Thursday, November 19, 2009

Tom Friedman on being a clean-energy hawk

Tom Friedman frequently writes about clean energy. Here he argues that
the best way to launch E.T. [energy technology] is to set a fixed, long-term price on carbon — combine it with the Obama team’s impressive stimulus for green-tech — and then let the free market and innovation do the rest.
Most of the column is about why it's in our financial and political interests to invest in clean energy.
What happens [otherwise] is that the price of oil goes through the roof … The petro-dictators in Iran, Venezuela and Russia … get richer.
I tend to agree with Friedman. But making his case an economic one requires that he justify interfering with the markets. If it's so obvious that developing clean energy is a financial win, why isn't the free market already doing it? Are the people who want to make money so dumb that they don't see what he sees? Why do we need a carbon tax at all?

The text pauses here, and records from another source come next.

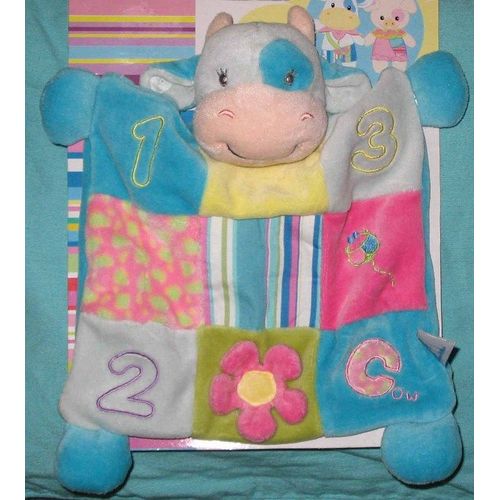 Vache Doudou Hochet Plat Patchwork Tiamo Collection Edl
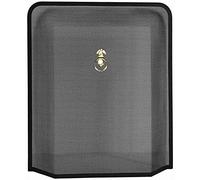 Metal Fire Guard Fireplace Spark Guard Fire Stove Screen Single Panel Transparent Brass Ring Handle, Black FIRE40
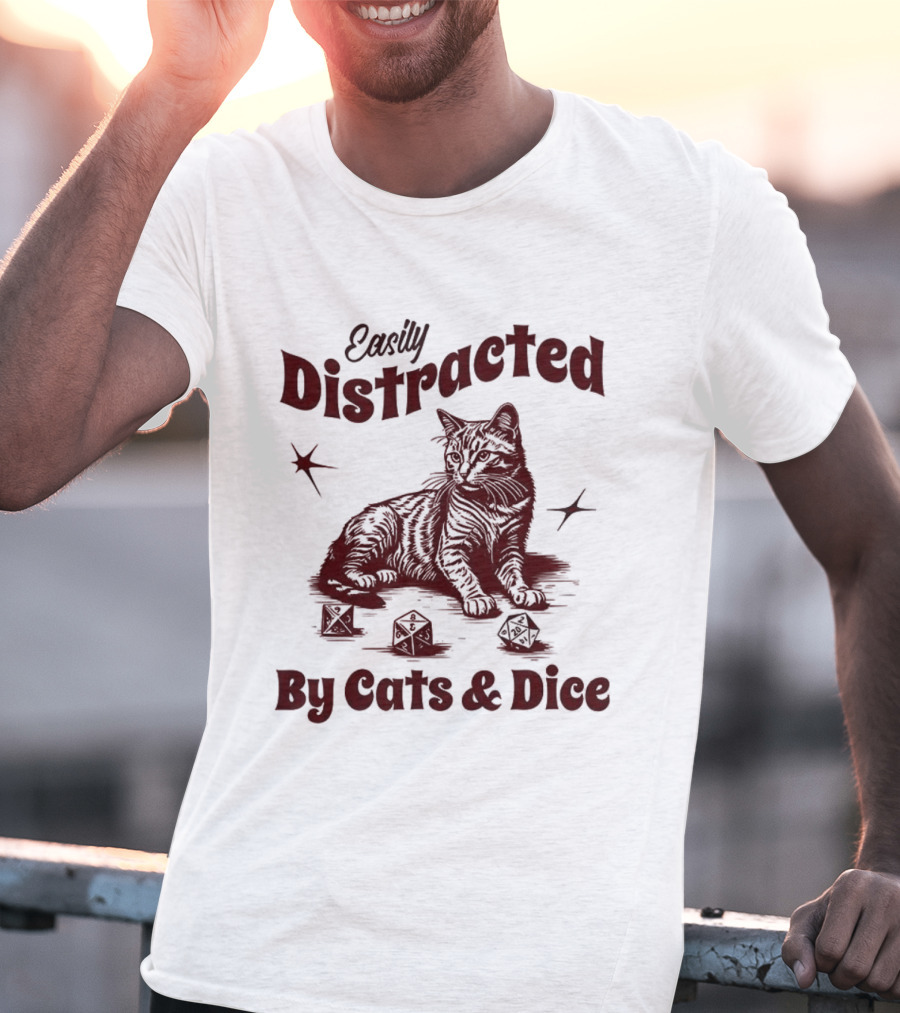 Easily Distracted By Cats And Dice T-Shirt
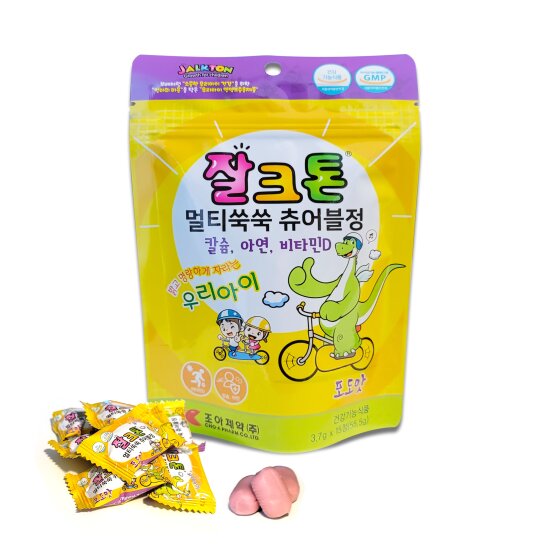 잘크톤 멀티쑥쑥 츄어블정(포도맛) 3.7gx15정 20박스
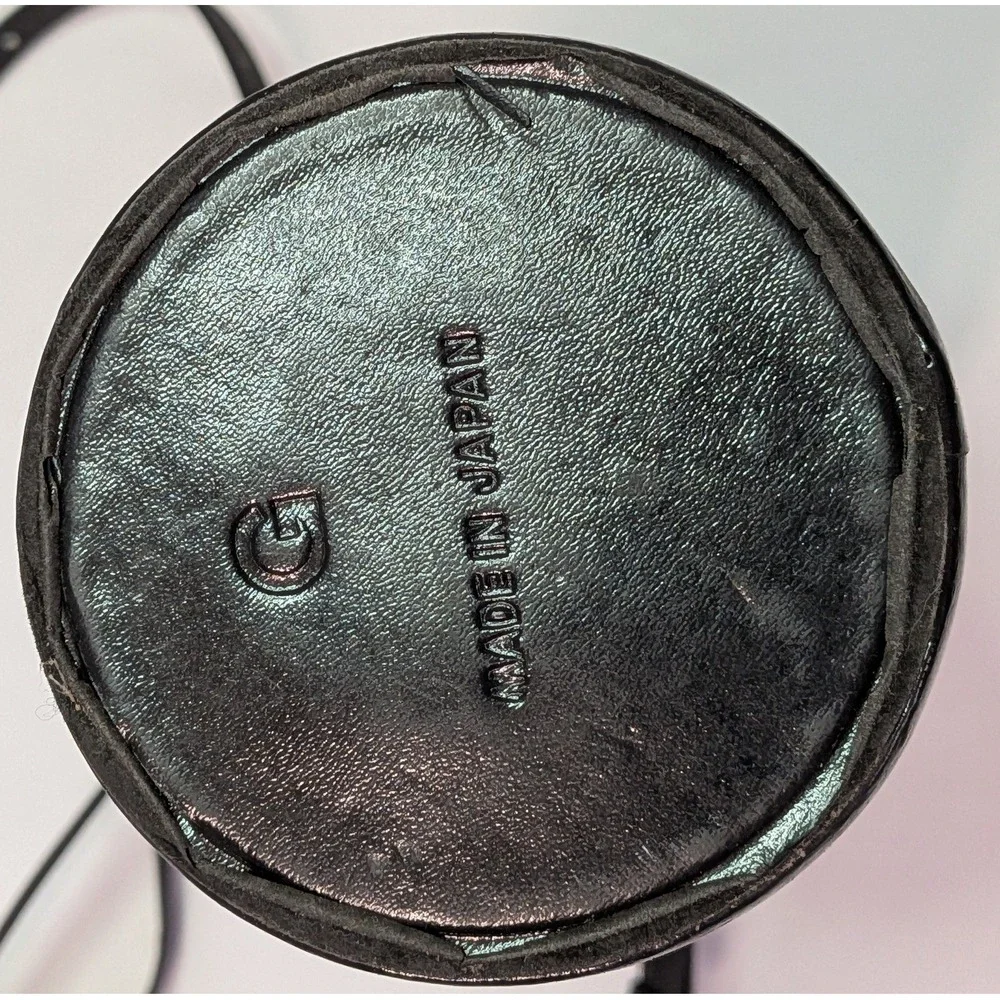 Canon Lens Case Unisex OS Black Good Vintage Leather Hard Shell Japan Strap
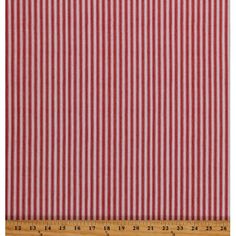 red and white striped fabric with a ruler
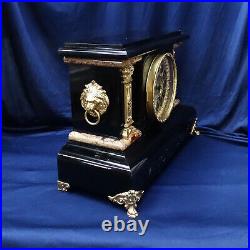 Antique Seth Thomas Black Adamantine Mantel Clock 1893 Runs Nicely Time & Strike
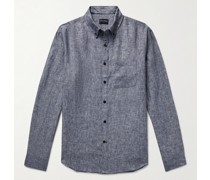 Hemd aus Leinen mit Button-Down-Kragen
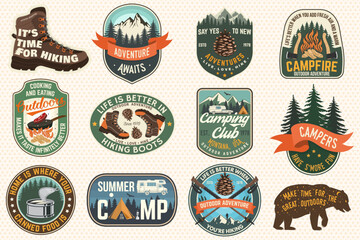 Wall Mural - set of summer camp and hiking patches, badges. vector. concept for shirt or logo, print, stamp, patc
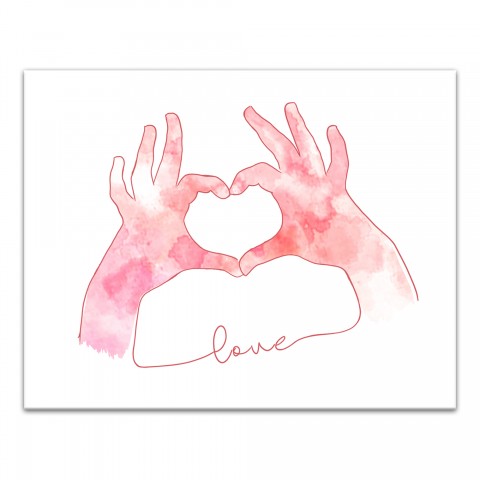 Love Heart Hands 14x11 Canvas Wall Art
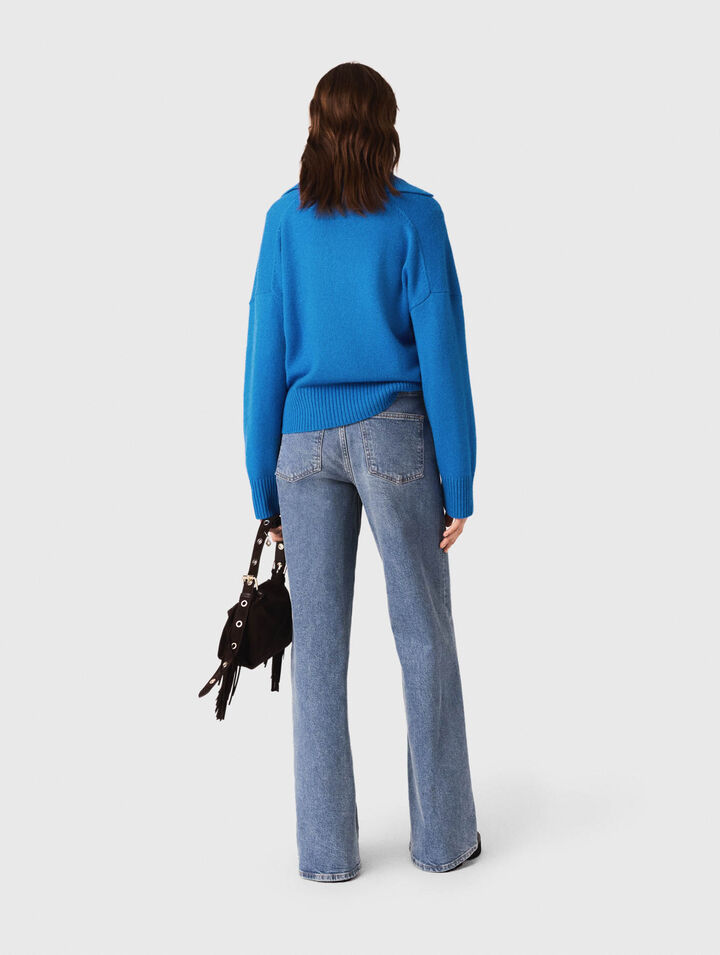 Open polo collar cardigan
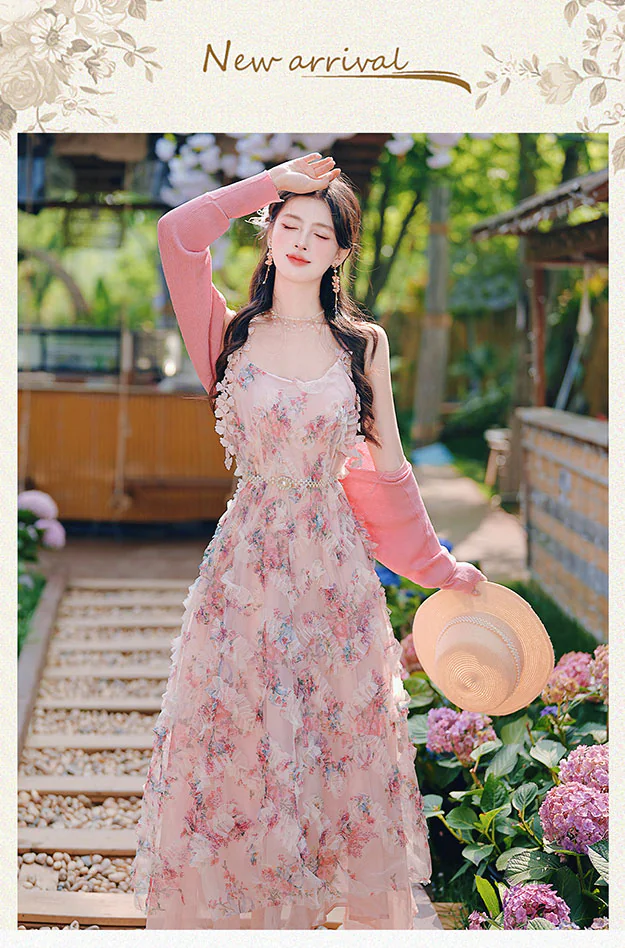 Fairycore-Pink-Floral-Ruffled-Tiered-Slip-Dress-with-Matching-Cardigan-Set07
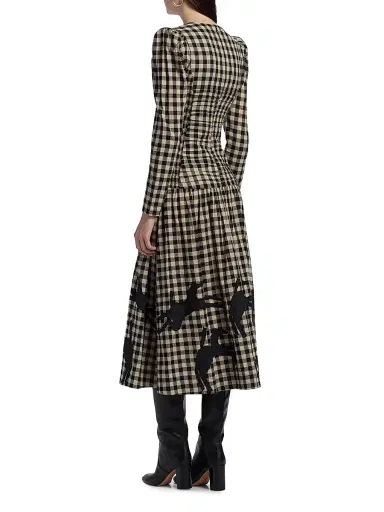 Carolina K Women's Malika Check Cotton Drop-Waist Midi-Dress - Black Plaid | Thumbnail 5 Carolina K Women's Malika Check Cotton Drop-Waist Midi-Dress - Black Plaid | Thumbnail 5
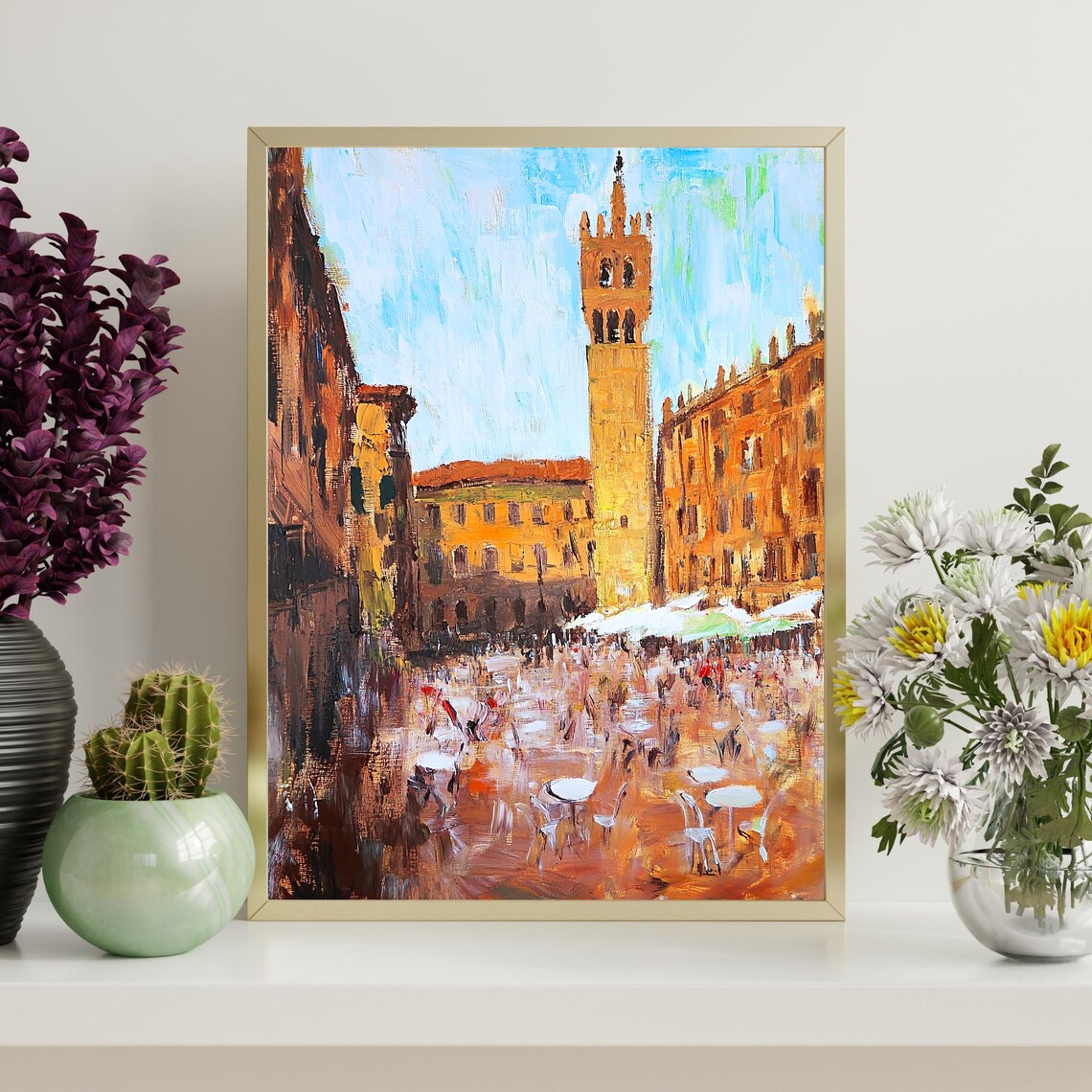 Siena Italy Piazza Del Campo Tower Plaza Tuscan Oil Painting Poster - Image 4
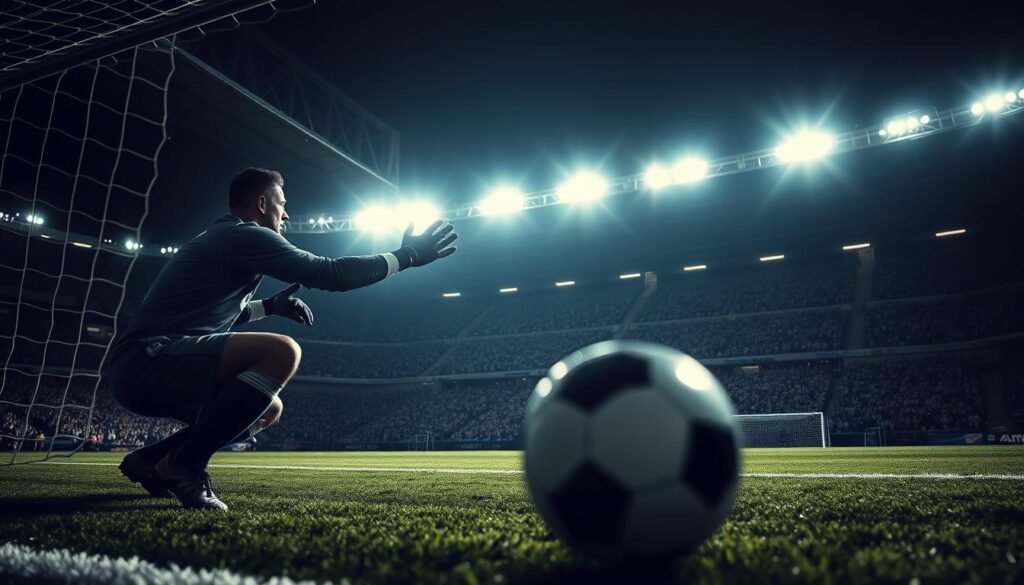 A tense moment on the pitch as a goalkeeper prepares to face a crucial penalty kick. The stadium lights cast dramatic shadows, heightening the drama. The goalkeeper crouches, eyes focused, muscles tensed, ready to spring into action. The striker approaches, the ball a blur as they strike, the goalkeeper leaping, fingertips outstretched, desperate to make the save. The crowd holds its breath, the air thick with anticipation. This is the moment where heroes are made, where dreams are realized or crushed, in the ultimate test of skill and nerve.
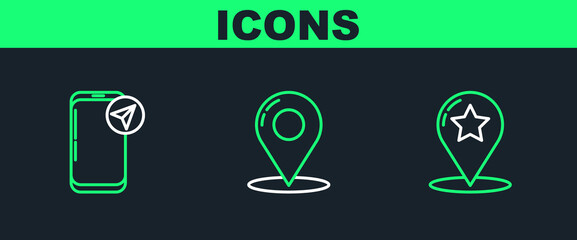Set line Map pointer with star, Infographic of city map navigation and pin icon. Vector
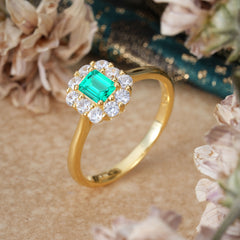 Emerald Cut Emerald Ring Classic Lab Grown Aquamarine Halo Promise Ring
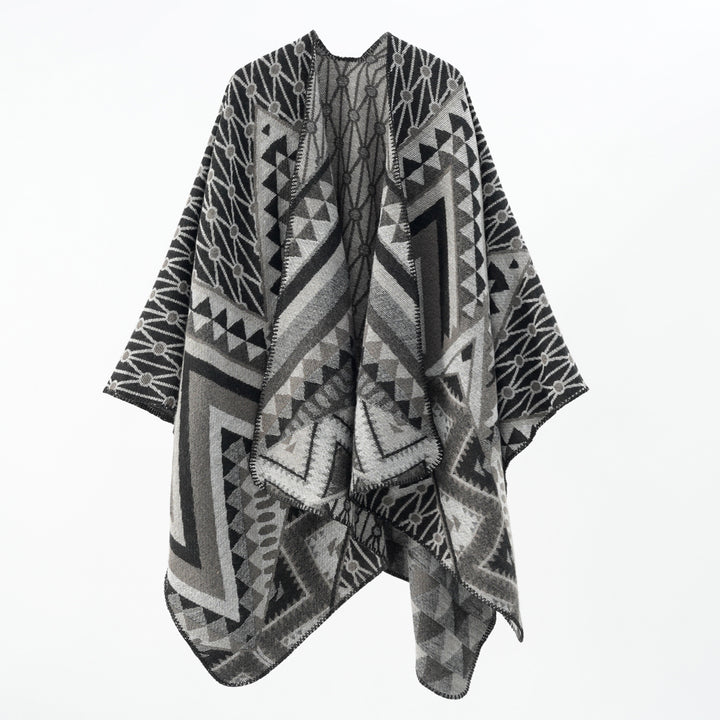 Damen Strukturiertes Jacquard-Poncho-Überwurf mit grafischem Ethno-Muster und offenem Kimono-Fall – Célinea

Perhaps one could argue that profitability is too far in the future, that only those with very deep pockets can afford to invest in clean energy now, and that if we don't the Chinese will—and will leave us in the dust when the time for clean energy arrives. But he hasn't made that point. Or perhaps he can argue that the free market is too short-sighted to see as far ahead as is necessary to invest in clean energy—and that the necessary development will take so long that when we need it we will not have the time to develop it. But he hasn't made that case either.

Appealing to the power of the free market to develop the technology if only it is subsidized by government tax policy somehow doesn't seem like a completely cogent argument.